Stored data =

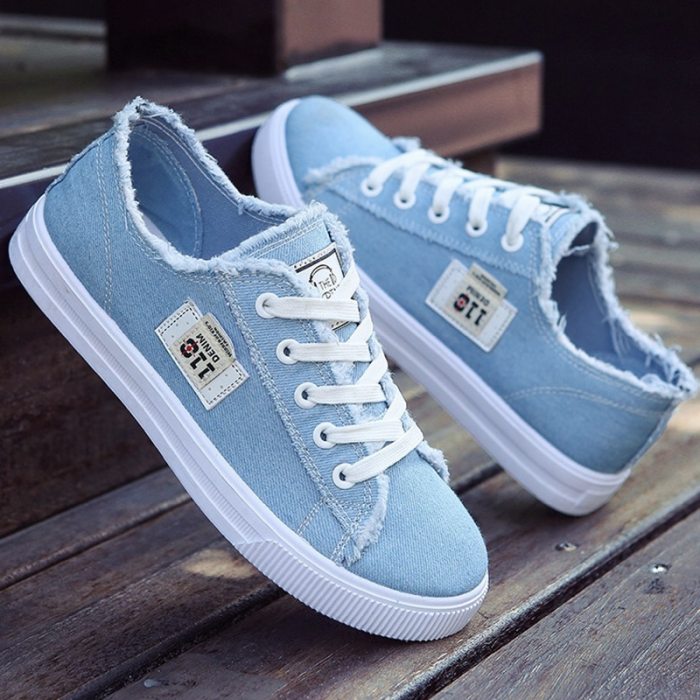 Large size Sneakers women Casual shoes Canvas Shoes Ladies Lace Up Sneakers Trainers Non-slip Tenis feminino 2020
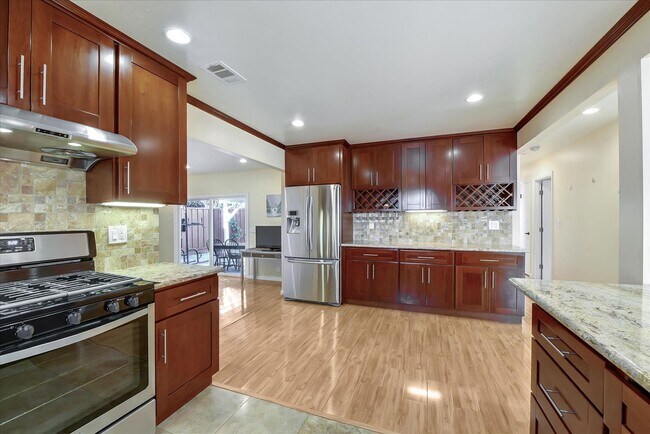 Building Photo - Beautifully Updated Single Family Home with Sparkling Pool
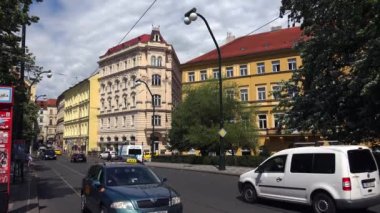 Prag 'da. Yaşlı Prag. Mimarlık, eski evler, sokaklar ve mahalleler. Çek Cumhuriyeti. 4K 'da video, UHD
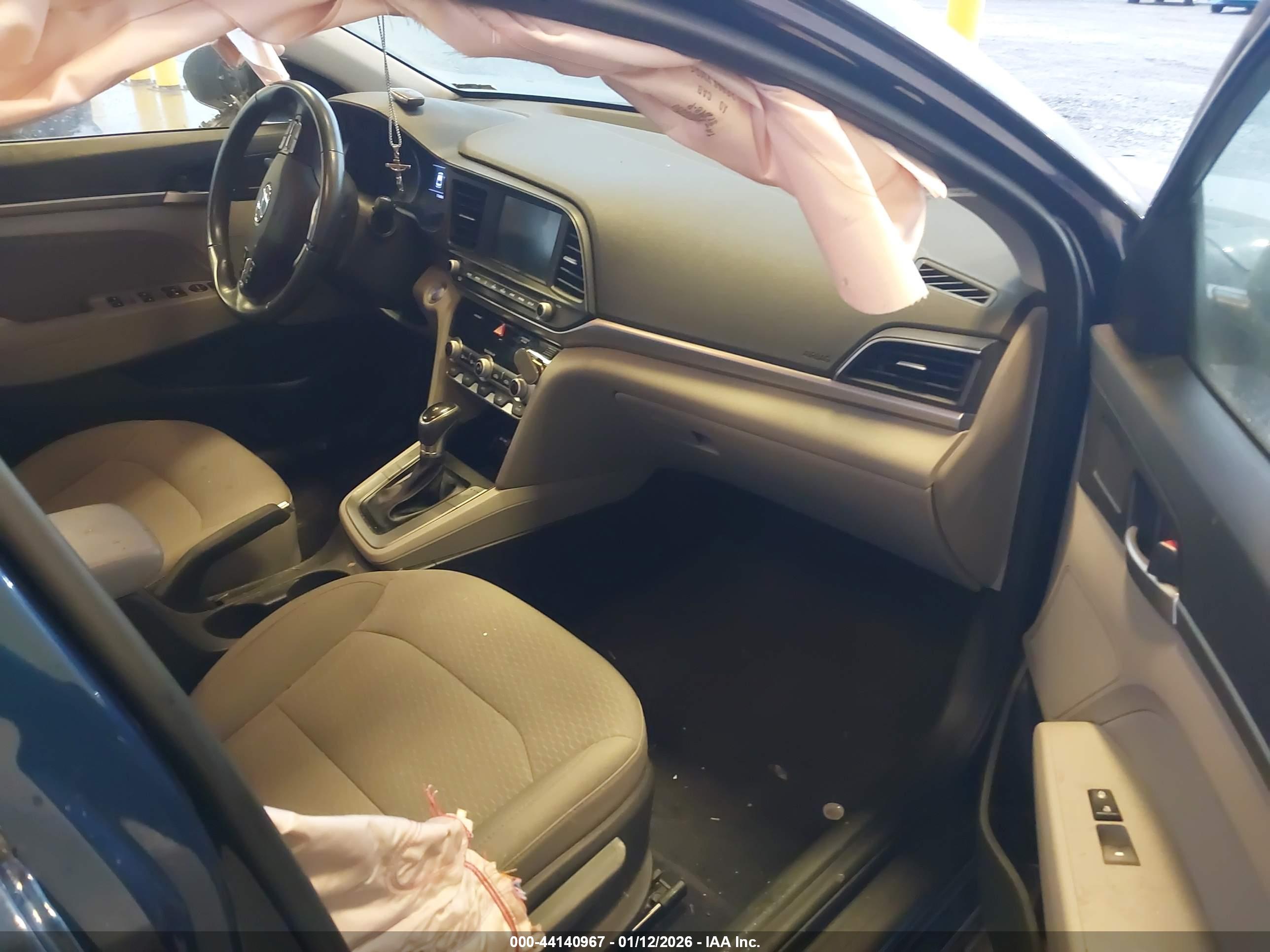 HYUNDAI ELANTRA image 5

What the task asks = Give back the material above exactly as written, but omit the images.

Exercise result =
 Large size Sneakers women Casual shoes Canvas Shoes Ladies Lace Up Sneakers Trainers Non-slip Tenis feminino 2020
 Building Photo - Beautifully Updated Single Family Home with Sparkling Pool
 Prag 'da. Yaşlı Prag. Mimarlık, eski evler, sokaklar ve mahalleler. Çek Cumhuriyeti. 4K 'da video, UHD
 HYUNDAI ELANTRA image 5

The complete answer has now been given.